Ok, ok – it's not a pure horror movie, we get that. But it's definitely horror adjacent and if the film wasn't so darn good we wouldn't have considered cheekily slotting it into this list. Truth be told, yours truly isn't the biggest comic book/superhero fan out there so when this project was announced, we were quite apathetic. However the trailers looked intriguingly dark and Joaquim Phoenix just looked so bloody haunted in those promo photos that our interest was piqued. Suffice to say, we're bloody glad we went to see it because it's everything the trailer promised and more. It's not an easy watch by any means but the psyhcological nature of it makes it resonate that bit more after the final credits have rolled. It also doesn't really feel like a comic book movie either – it's more a character study of one man's descent into madness and chaos.

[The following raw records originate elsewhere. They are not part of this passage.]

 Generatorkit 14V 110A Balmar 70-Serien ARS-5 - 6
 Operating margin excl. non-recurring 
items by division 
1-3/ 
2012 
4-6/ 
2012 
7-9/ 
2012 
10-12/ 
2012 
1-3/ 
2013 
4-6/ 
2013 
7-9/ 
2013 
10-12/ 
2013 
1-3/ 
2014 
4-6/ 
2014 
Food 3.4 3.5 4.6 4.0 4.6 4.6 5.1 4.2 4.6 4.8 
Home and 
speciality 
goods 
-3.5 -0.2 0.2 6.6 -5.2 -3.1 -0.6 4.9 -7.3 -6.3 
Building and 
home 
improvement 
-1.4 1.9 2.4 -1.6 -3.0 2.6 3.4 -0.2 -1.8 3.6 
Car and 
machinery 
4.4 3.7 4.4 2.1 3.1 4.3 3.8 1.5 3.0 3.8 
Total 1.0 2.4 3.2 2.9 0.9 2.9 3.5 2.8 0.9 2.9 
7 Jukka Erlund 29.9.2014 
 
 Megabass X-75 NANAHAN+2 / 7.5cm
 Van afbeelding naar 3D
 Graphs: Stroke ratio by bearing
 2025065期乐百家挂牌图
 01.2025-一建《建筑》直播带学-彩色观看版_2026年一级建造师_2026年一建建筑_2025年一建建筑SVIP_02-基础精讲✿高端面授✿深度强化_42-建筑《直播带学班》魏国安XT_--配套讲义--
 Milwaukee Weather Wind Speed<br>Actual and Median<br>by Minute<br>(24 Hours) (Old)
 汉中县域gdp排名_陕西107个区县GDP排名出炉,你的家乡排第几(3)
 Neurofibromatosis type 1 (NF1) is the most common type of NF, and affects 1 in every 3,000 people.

From a visual perspective, it's a thing of grim beauty and Todd Phillips creates a world that feels like some sort of dystopian New York City. The main reason that Joker is such a success however is it's lead. Joaquin Phoenix has delivered some accomplished performances in his life. He's played cowardly despot (Gladiator), lonely bachelor (Her) traumatised hitman (You Were Never Really Here) and country music God (Walk the Line) but this is without a doubt, the best thing he has ever done. Ledger received rave reviews (and rightly so) for his version of the Joker but he played him as more of a calculated nihilist. Phoenix's Joker is a different beast. He's more real. Extremely vulnerable, mentally disturbed and completely chaotic. And his physical transformation is startling too. It all ends in wonderfully madcap and brutal fashion too.

Midsommar (Director: Ari Aster)

A couple travels to Sweden to visit a rural hometown's fabled mid-summer festival. What begins as an idyllic retreat quickly devolves into an increasingly violent and bizarre competition at the hands of a pagan cult.

If you pair a storyline that sounds something like a Wicker Man sequel to the mind of someone capable of creating a nightmare like Hereditary, you know the result is going to be intriguing if nothing else – and that's precisely what Midsommar is. Viewers expecting the dark foreboding dread that Aster conjured up in his debut feature will find something quite different on offer here. Midsommar is a stark, bright, dreamy, lingering affair that is more psychological drama than anything else. The creeping sense of unease and dread is dialled down a little here but it is punctuated with some moments of graphic violence (Aster loves smooshing people's heads) and a few moments of macabre imagery that stay with you long after the credits. The running time means that the film sags a little in the middle but hey, we're willing to overlook a superfluous ten minutes of padding because, well, it still looks so bloody impressive. It's one of those films that stays with you afterwards too and the process of turning over events and certain scenes in your head in the hours and days afterwards only makes it all the more rewarding.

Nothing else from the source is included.